Diabetes significantly negatively impacted cognitive performance, with declines of -1.16 (p <0.01) in the Total Cognitive Ability Score, -0.55 (p <0.01) in the Total Mental Status Score, and -0.97 (p <0.01) in the Cognitive Ability Score. Conversely, elevated cholesterol levels showed positive associations, with increases of 2.91 (p <0.01) in the Total Cognitive Ability Score, 1.30 (p <0.01) in the Total Mental Status Score, and 2.38 (p <0.01) in the Cognitive Ability Score.
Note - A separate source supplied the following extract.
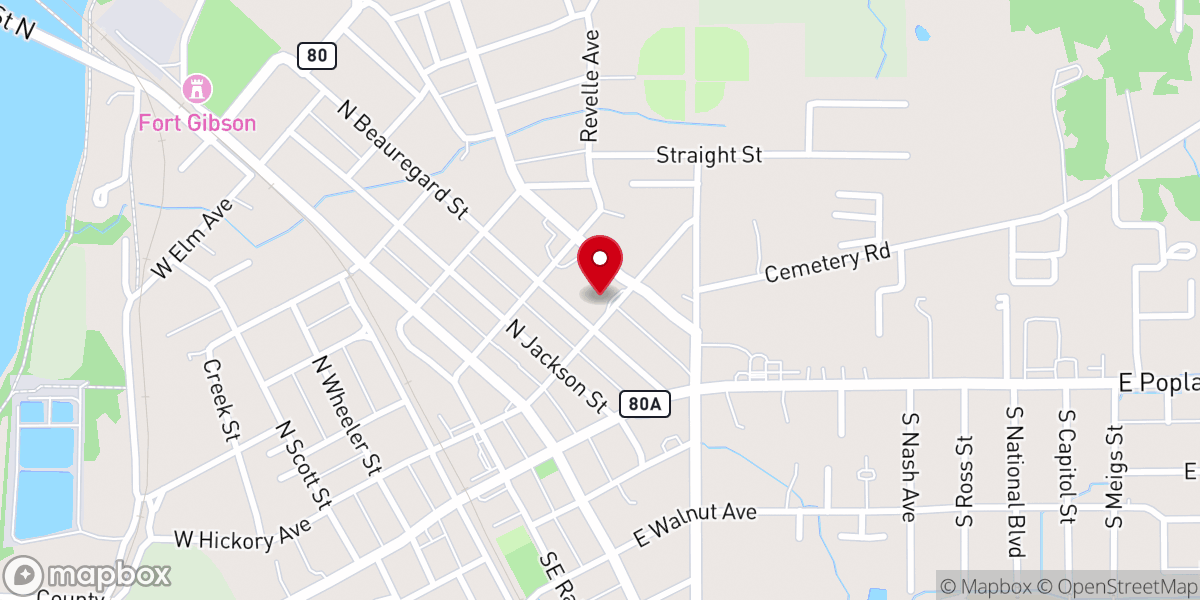 Map showing location of First Baptist Church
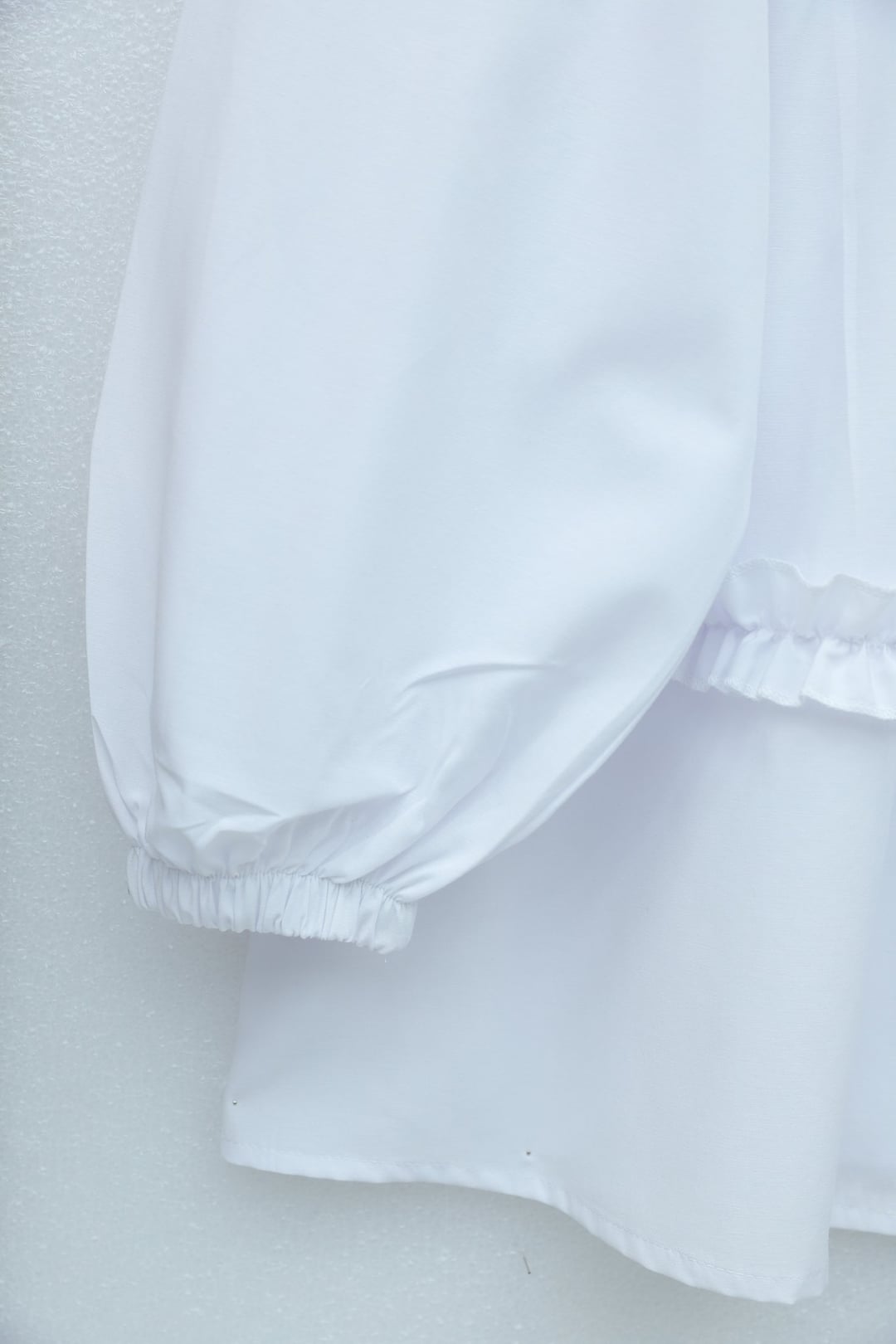 Ruffled Poplin Tunic with Smocked Yoke and Button Front - White - Podyumplus - by Peralane - photo 8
Obesity had a modest positive effect on the Total Cognitive Ability Score (0.65, p <0.01) but did not significantly impact the Total Mental Status Score (0.05, p = 0.45). Hypertension was associated with reduced cognitive performance across all measures, showing declines of -1.57 (p <0.01) in Total Cognitive Ability Score, -0.59 (p <0.01) in the Total Mental Status Score, and -1.40 (p <0.01) in the Cognitive Ability Score.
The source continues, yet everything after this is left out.